By Mike Hazlip—
Kevin Mantz, general manager of the newly re-branded Future Honda at Greenback Lane and Auburn Boulevard, has deep roots in Citrus Heights.
Mantz graduated from San Juan High School in 1984 after moving from Southern California with his family, and his father was also a San Juan High School alumnus, class of 1961.
After high school, Mantz said he worked for what was then called the Trellis Cafe inside Fountain Square Nursery, which later became City Hall and is now home to a three-story medical office building. His boss at the time was Henry Kroger, husband of Catherine Van Maren. He remembers meeting people from various areas at Sunrise Mall as it was the only regional mall at the time.
He says he’s always been comfortable talking to people when someone noticed him at a party and invited him to work a summer job at a car dealership.That summer job soon turned full-time.
“I was making some money and so I struggled with school still,” he said recounting his determination to pass a college math class at CSU Sacramento. “I was struggling. I mean, horribly. And that was it. I remember. I just walked out and I went over to Maita Toyota.”
Mantz worked for that dealership for the next nine years, finding that he enjoyed working in car sales.
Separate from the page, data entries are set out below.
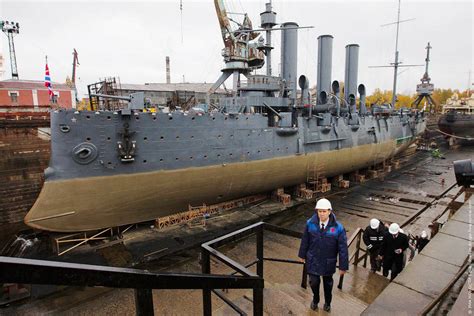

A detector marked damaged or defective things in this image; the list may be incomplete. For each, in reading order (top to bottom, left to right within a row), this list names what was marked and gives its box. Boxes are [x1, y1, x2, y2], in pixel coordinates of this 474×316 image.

rust stain on hull [24, 139, 406, 231]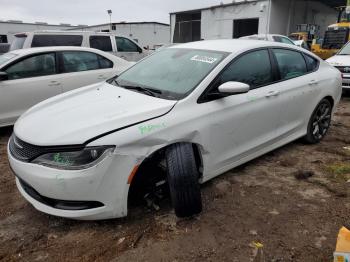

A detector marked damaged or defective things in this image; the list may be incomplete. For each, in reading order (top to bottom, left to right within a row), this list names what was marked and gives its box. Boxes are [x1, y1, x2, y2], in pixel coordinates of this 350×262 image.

damaged white car [8, 39, 342, 219]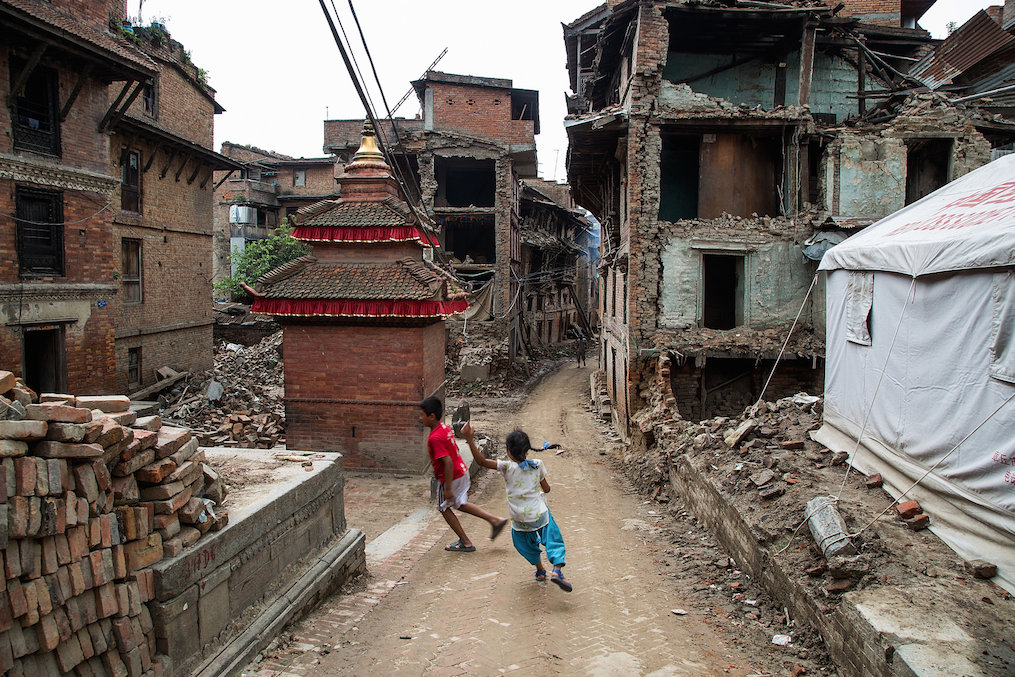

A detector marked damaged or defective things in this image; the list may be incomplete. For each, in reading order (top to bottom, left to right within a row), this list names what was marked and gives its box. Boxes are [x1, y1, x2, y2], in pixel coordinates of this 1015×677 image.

broken window opening [10, 58, 58, 156]
broken window opening [16, 186, 64, 276]
broken window opening [121, 237, 142, 302]
broken window opening [122, 151, 142, 214]
damaged building [324, 71, 592, 357]
broken window opening [434, 158, 493, 208]
broken window opening [444, 214, 495, 263]
broken window opening [702, 252, 742, 328]
damaged building [564, 0, 1015, 442]
broken window opening [905, 140, 950, 207]
broken window opening [22, 324, 65, 393]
“It’s nice when you enjoy going and you enjoy doing what you do, and I really liked it,” Mantz said, adding he doesn’t consider himself a car aficionado but he does spend his days off going to car shows. “I just like cars, and people, and the two together just seemed to be kind of a natural for me.”
Last year, Future Automotive Group acquired Maita Honda, changing the name to Future Honda. The local dealership is now one of 13 dealerships in Future Automotive Group’s portfolio, and Mantz says there’s a lot of possibilities for the business.
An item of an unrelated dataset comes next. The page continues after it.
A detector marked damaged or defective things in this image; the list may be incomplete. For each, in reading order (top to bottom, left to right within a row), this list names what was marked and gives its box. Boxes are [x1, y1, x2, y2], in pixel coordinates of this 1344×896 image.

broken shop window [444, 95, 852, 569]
“The reason why they bought this store is it has so much upside,” Mantz said. “It’s on nine acres, so there’s a lot of room for growth. Right now, my head is full of all the things that I could do here for a long time.”
Although he has helped other dealerships get going, Mantz credits his team for the success in building Future Automotive up from three dealerships to what it is today.
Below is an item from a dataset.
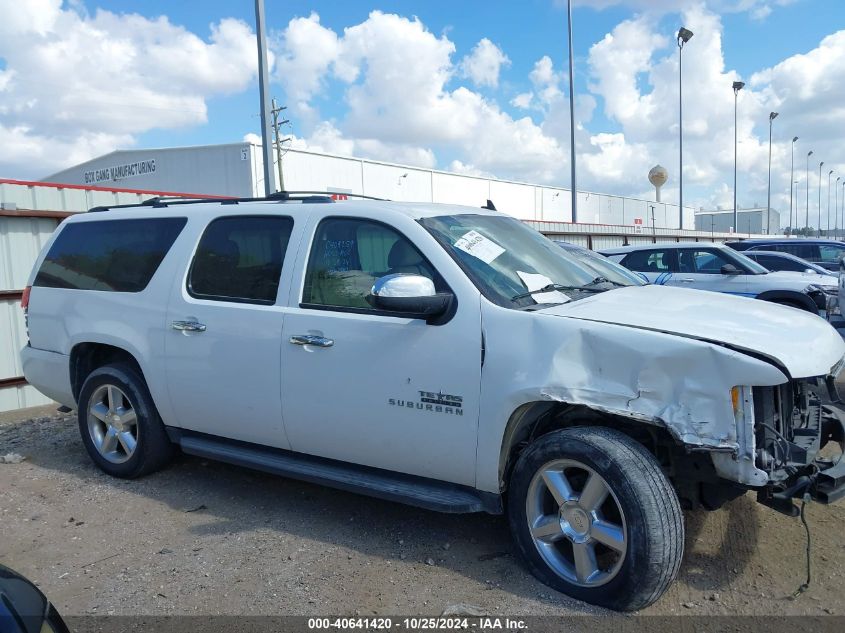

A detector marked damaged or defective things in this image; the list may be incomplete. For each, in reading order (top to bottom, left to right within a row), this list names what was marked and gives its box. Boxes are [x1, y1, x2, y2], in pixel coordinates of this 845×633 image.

crumpled fender [474, 306, 784, 494]
damaged front end [752, 378, 844, 516]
“I’ve been blessed with some really good people that have done an amazing job for me over the years,” he said. “And so for me, it’s a lot of fun to build that team and take a blank canvas, get in there and start to teach people the Future Way is what we actually call it, how we like to do things.”
That “Future Way” is focused on customer service, and he says his career is in the customer’s hands.
“If you can come in with a process and you can have happy employees, happy employees create happy customers and happy customers grow your business faster than anything you could ever hope to do,” he said. “[You can] spend all the money in advertising in the world and if you don’t have happy employees and customers, you’re really just fighting against advertising dollars.”
Along with customer service, Future Automotive Group values giving back to the community, according to Mantz. He says the company encourages employees to look for ways to help their communities.
“At all different levels, we do charity, it as a global company,” Mantz said of Future Automotive Group. “They do a lot, and then we’re encouraged to do things with within the community.”
It’s been 37 years since Mantz started that summer job with a dealership, and the married father of three says the time seems to have gone by quickly, on most days.
“At times now it’s a blink of an eye, 37 years has gone by,” he said. “And then other times you feel every bit of it. It really does depend on the day and what’s going on.”